* **WHAT IS REQUIRED**
Exactly the lines from the one containing "Chicago USA Buchstabe" through the end of the listing below are required, restated word for word and without pictures.

* **LISTED RECORDS**

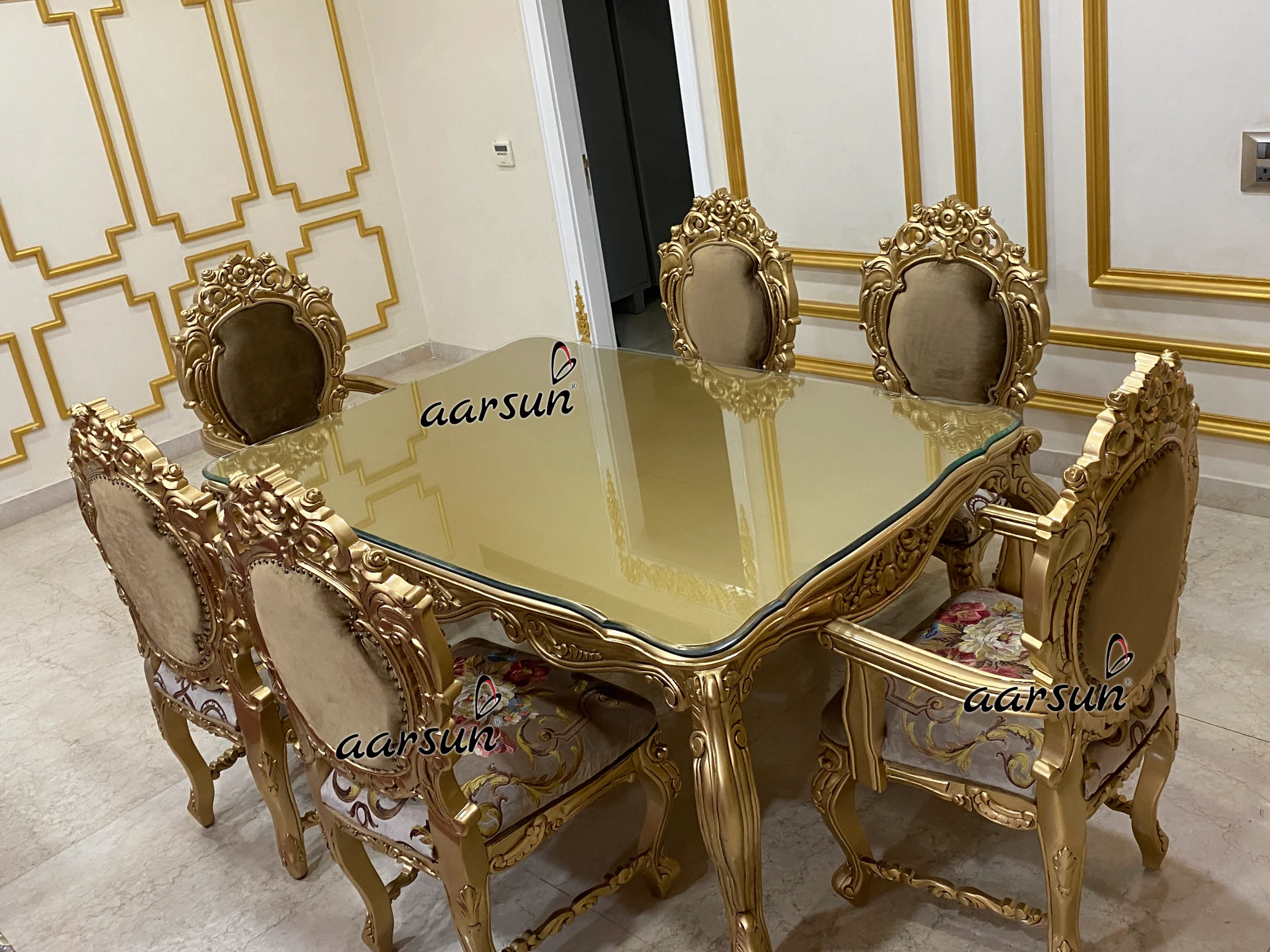 Premium 6-Seater Dining Table Set view 5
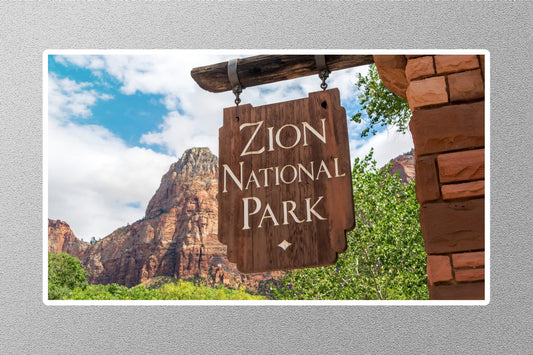 Zion National Park 3 Travel Sticker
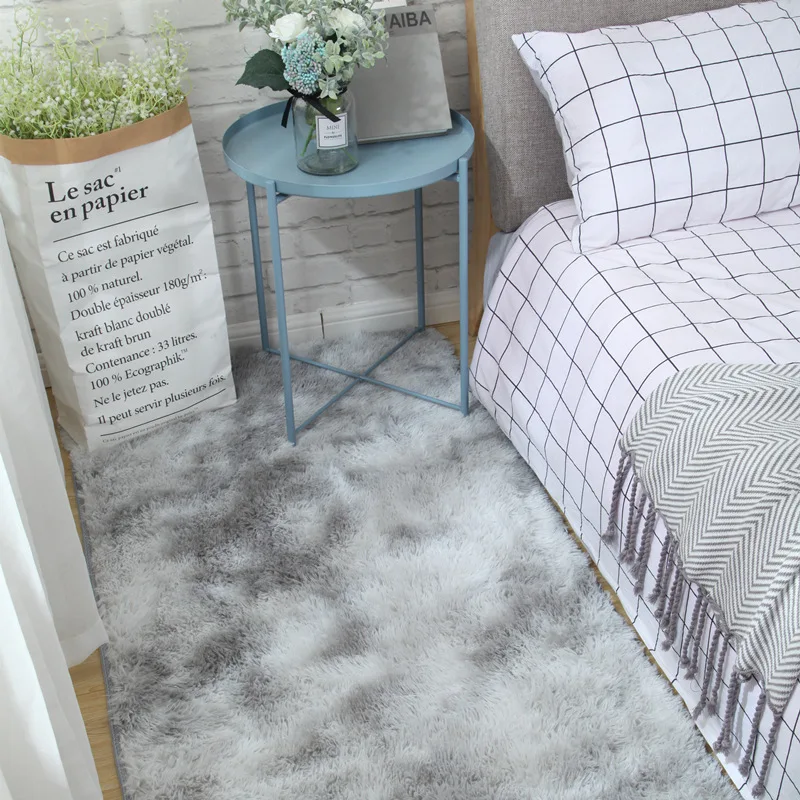 Плюшевый ворсистый ковер Mcao для гостиной ультрамягкий современный тонкий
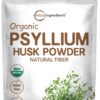 Polvo orgánico de cáscara de psyllium Micro Ingredients 2 libras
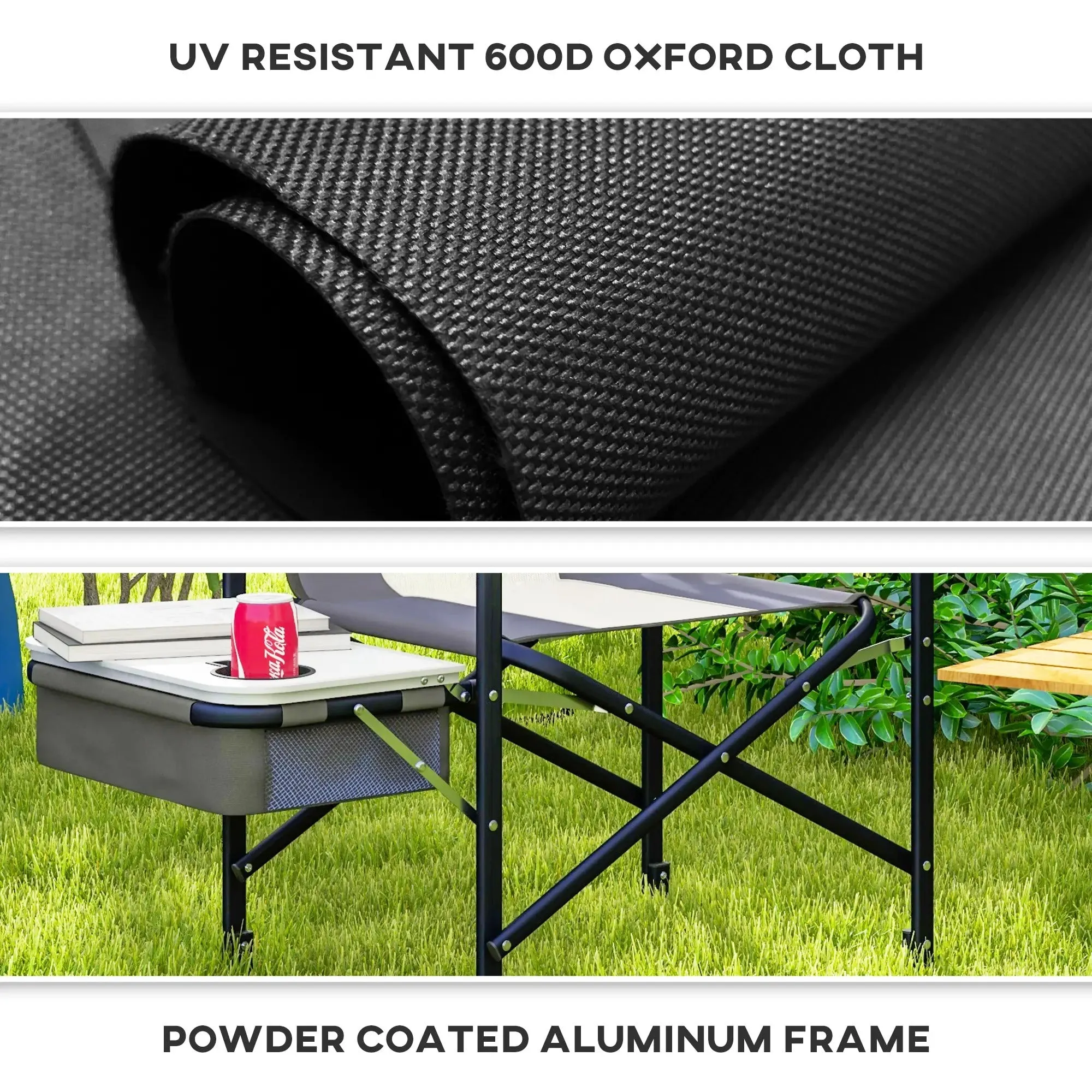 - Folding Chair, Efficient communication Cooler Table Aluminium Grey Multi-device compatible Outsunny Camping Bag With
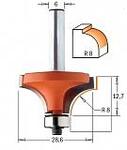 Фреза радиусная c подшипником TCT S=6 D=28,6x12,7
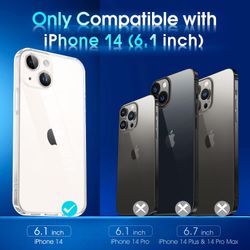 iPhone 14 Transparent TPU Skal – Extra Kameraskydd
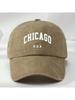Chicago USA Buchstabe Baseballkappe Verstellbar Snapback Atmungsaktive Jeansmütze Lässig Outdoor Sport
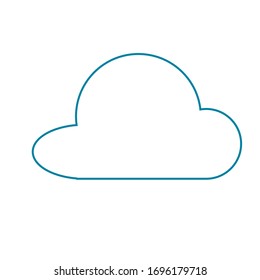Cloud icon vector. Line sky symbol. Trendy flat weather outline sign design. Thin linear graphic for web site, mobile application.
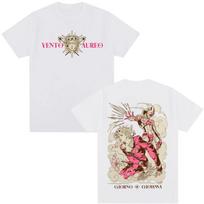Anime Jojo Bizarre Adventure T-shirt Giorno Giovanna Manga Graphic T-shirt Men's Women Clothing Cotton Casual Oversized T Shirts M white
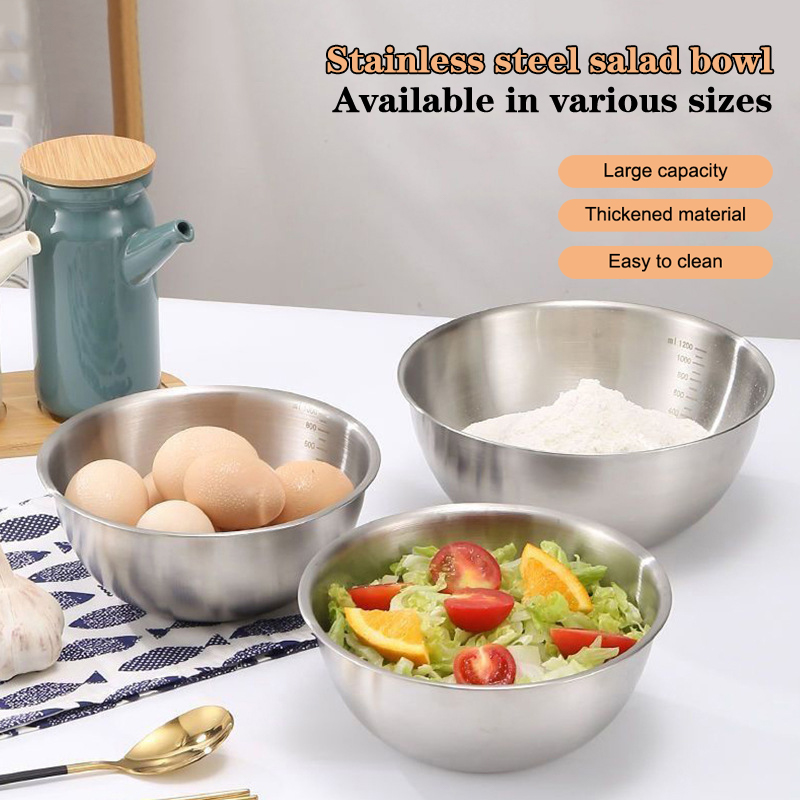 1PC ステンレス鋼ボウルセット スケール付き 調理用 ベー - Stand Mixer Bowl のレビューと価格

* **TASK ANSWER**
Chicago USA Buchstabe Baseballkappe Verstellbar Snapback Atmungsaktive Jeansmütze Lässig Outdoor Sport
Cloud icon vector. Line sky symbol. Trendy flat weather outline sign design. Thin linear graphic for web site, mobile application.
Anime Jojo Bizarre Adventure T-shirt Giorno Giovanna Manga Graphic T-shirt Men's Women Clothing Cotton Casual Oversized T Shirts M white
 1PC ステンレス鋼ボウルセット スケール付き 調理用 ベー - Stand Mixer Bowl のレビューと価格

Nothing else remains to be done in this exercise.